K. Azuma è oltretutto conosciuto per la realizzazione di giganti gocce d’acqua “crepate”

nella superficie che lasciano intravedere l’interno, ciò che in esso è contenuto, nascosto o

semplicemente custodito. L’intenzione è quella di rappresentare ciò che nell’uomo è essenziale.

Renderlo visibile agli occhi di tutti con forme estremamente voluminose, in contrasto con la

realtà dell’oggetto in questione (l’invisibile goccia).

A tal proposito afferma: “Ho realizzato molte gocce d’acqua di bronzo perché

la goccia d’acqua non si può mai vedere perfettamente. Appena la goccia si stacca

dalla grondaia, assume una forma perfetta che però non riusciamo a cogliere

con i nostri occhi. Io credo che la nostra vita sia un po’così.

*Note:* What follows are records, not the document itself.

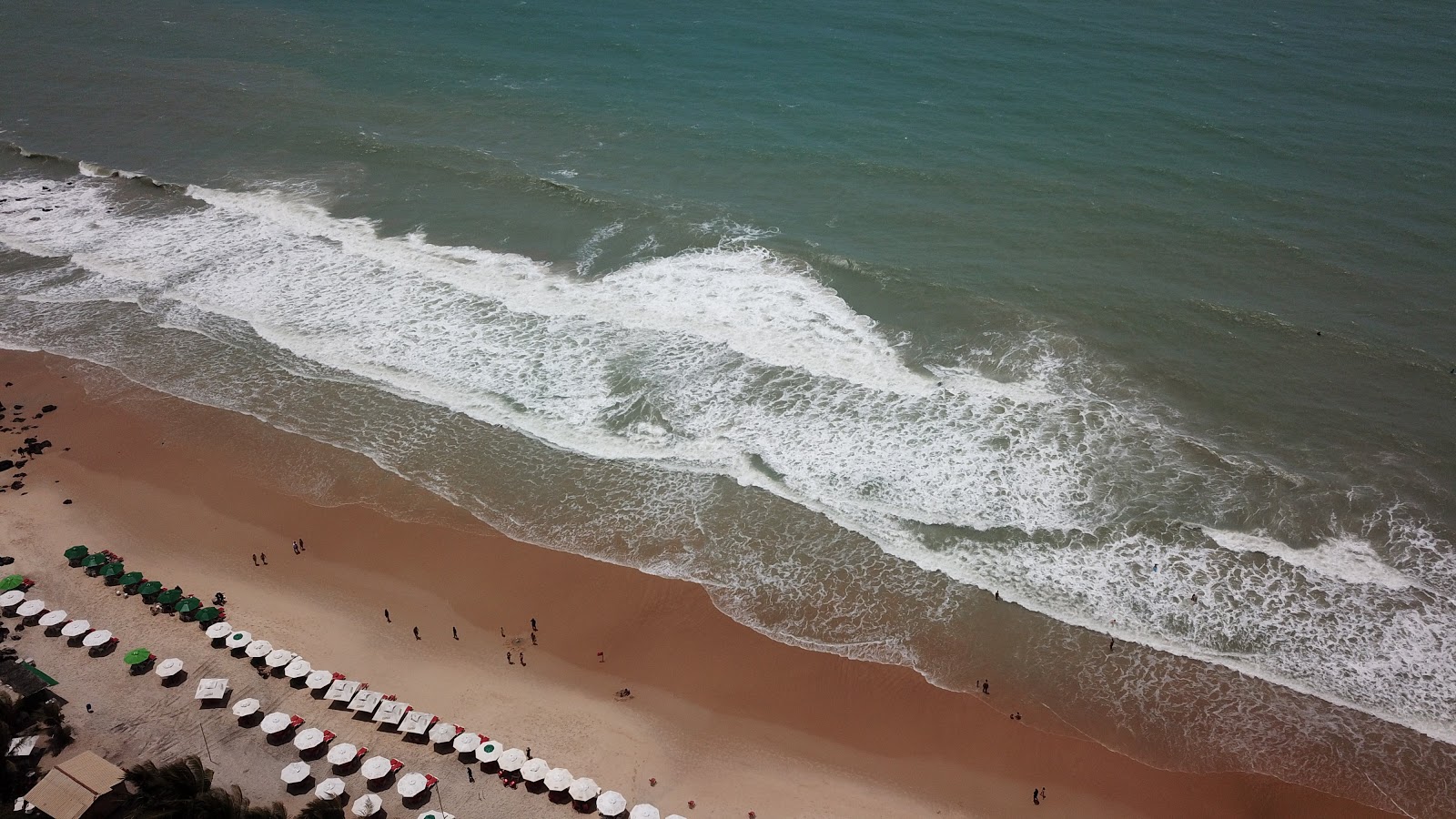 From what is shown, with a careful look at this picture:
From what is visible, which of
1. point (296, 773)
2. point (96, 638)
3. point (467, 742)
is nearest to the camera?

Non saremo

mai uomini perfetti come le gocce d’acqua, neanche studiando profondamente.

Nella goccia di bronzo faccio poi dei buchi.

Quello che rende un bicchiere tale non è il materiale con cui è costruito,

ma il vuoto che viene riempito dalla bevanda che vi versiamo.

Cerco quindi di esprimere utilizzando lo spazio vuoto ciò che è veramente importante,

cioè l’anima, l’amicizia, la vera solidarietà, il modo di convivere.

Con la mia sensibilità devo poi capire dove mettere i vuoti per comunicare ciò che intendo comunicare.”

L’umanità e la profondità delle ferite di un artista che ha

sulla pelle ancora l’odore della guerra, si esprime al meglio nell’idea

che l’anima sia intangibile, quasi irraggiungibile ma assolutamente

essenziale ed in continua relazione con ciò che ne permette la massima

espressione, il corpo, quello che in architettura sarebbe il materiale di cui la scultura è costruita.

La ricerca dello scultore è rivolta inoltre alla fede, parte intangibile dell’uomo di cui egli prende consapevolezza nel momento in cui un dolore così forte, come la delusione,
entra a far parte della sua vita.

La delusione che svuota mente e corpo, riporta in superficie la necessità

di ritornare all’origine di ogni cosa. La sua è una scultura fatta di materiali

semplici come legno o bronzo, le forme estremamente lineari si accordano

con il bisogno di ricercare l’essenziale che si manifesta in opere di naturale e umana bellezza.